To resolve this issue, tools are required to utilize the /workflow_data
directory, which is a read-only mount point containing project files.
Old Approach (Now Obsolete):
import pandas as pd
import os
def run_tool(config, args):
# ❌ This will fail - absolute paths outside sandbox are inaccessible
file_path = "/home/cdsw/my-project/data/input.csv"
df = pd.read_csv(file_path)
# ❌ This will also fail - cannot traverse project directory
project_root = "/home/cdsw/my-project"
for root, dirs, files in os.walk(project_root):
# Process files...
pass
# Process data
result = df.groupby('category').sum()
# ❌ This will fail - cannot write outside /workspace
output_file = "/home/cdsw/my-project/data/output.json"
with open(output_file, 'w') as f:
json.dump(result.to_dict(), f)
After (New Approach -
Required):
import pandas as pd
import json
import os
def run_tool(config, args):
# ✅ Get workflow data directory from environment variable
workflow_data_dir = os.environ.get('WORKFLOW_DATA_DIRECTORY', '/workflow_data')
# ✅ Access project files from workflow data directory
input_file = os.path.join(workflow_data_dir, 'data', 'input.csv')
if not os.path.exists(input_file):
return {
"status": "error",
"message": f"Input file not found at {input_file}. "
f"Please ensure the file is in the workflow_data directory."
}
df = pd.read_csv(input_file)
# ✅ List files in workflow_data directory (replaces os.walk on project root)

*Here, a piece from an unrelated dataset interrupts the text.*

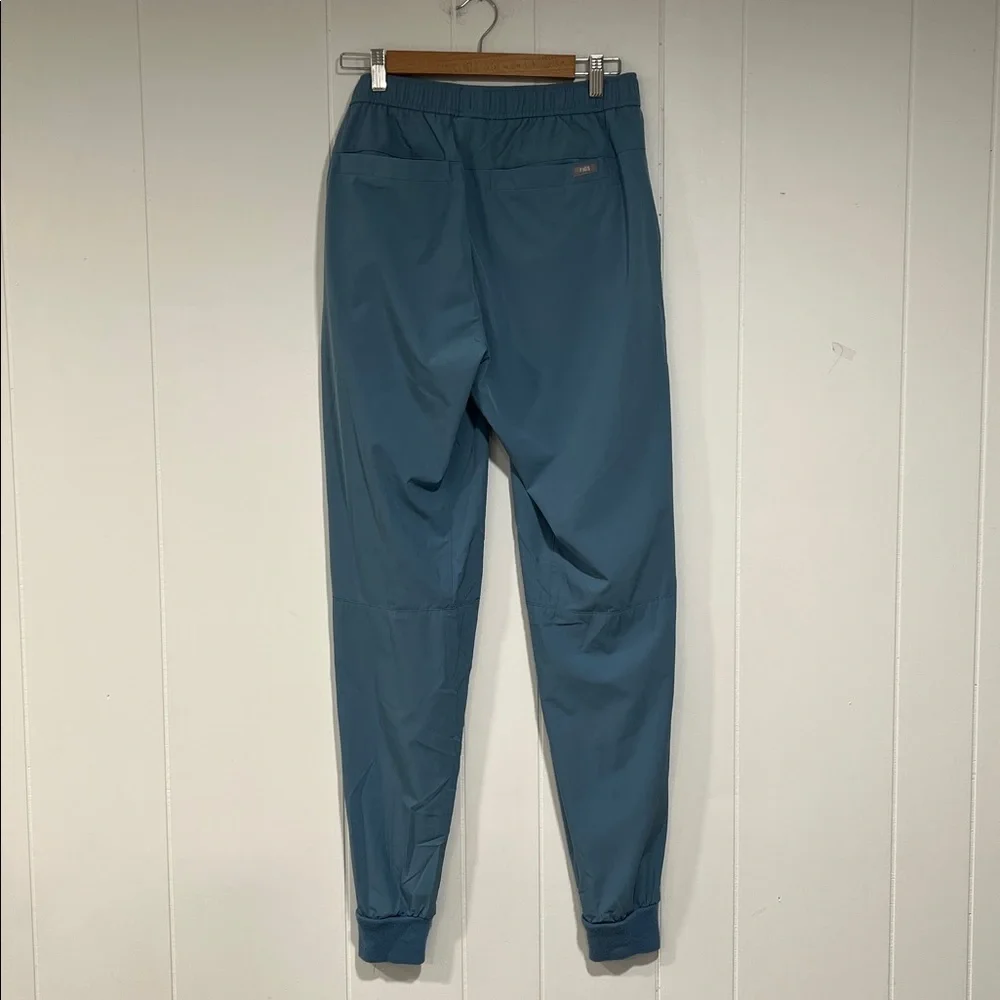 Figs sleek teal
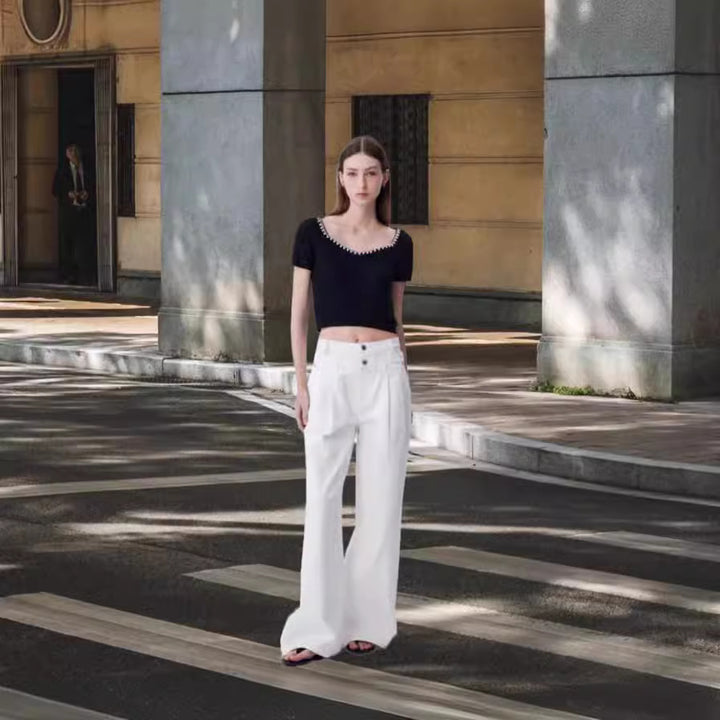 Damer Modernt Crop-Top med elegant Rundhals och dekorativa knapppdetaljer Eva Jonsson-Eva Jonsson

if os.path.exists(workflow_data_dir):
project_files = []
for root, dirs, filenames in os.walk(workflow_data_dir):
for filename in filenames:
rel_path = os.path.relpath(os.path.join(root, filename), workflow_data_dir)
project_files.append(rel_path)
print(f"Available project files: {project_files}")
# Process data
result = df.groupby('category').sum()
# ✅ Get session directory for writing output files
session_dir = os.environ.get('SESSION_DIRECTORY', '/workspace')
output_file = os.path.join(session_dir, 'output.json')
with open(output_file, 'w') as f:
json.dump(result.to_dict(), f)
return {
"status": "success",
"message": f"Processing complete. Output saved to {output_file}"
}
Example Workflow Template
The Talk to your SQLite Database workflow template is designed to
illustrate secure practices for working with SQLite database files.
Core Principle: This
template emphasizes the correct method for sandboxed tool execution to access project files. By
using the workflow data directory (/workflow_data) and the
WORKFLOW_DATA_DIRECTORY environment variable, rather than relying on
absolute CML project paths.
Key Demonstrations of the Template:
Workflow Data Directory Access: Shows how tools read SQLite database files from the
designated, read-only workflow data directory.
File Lifecycle: Demonstrates the secure process of uploading database files to the workflow
data directory and subsequently accessing them within sandboxed tools.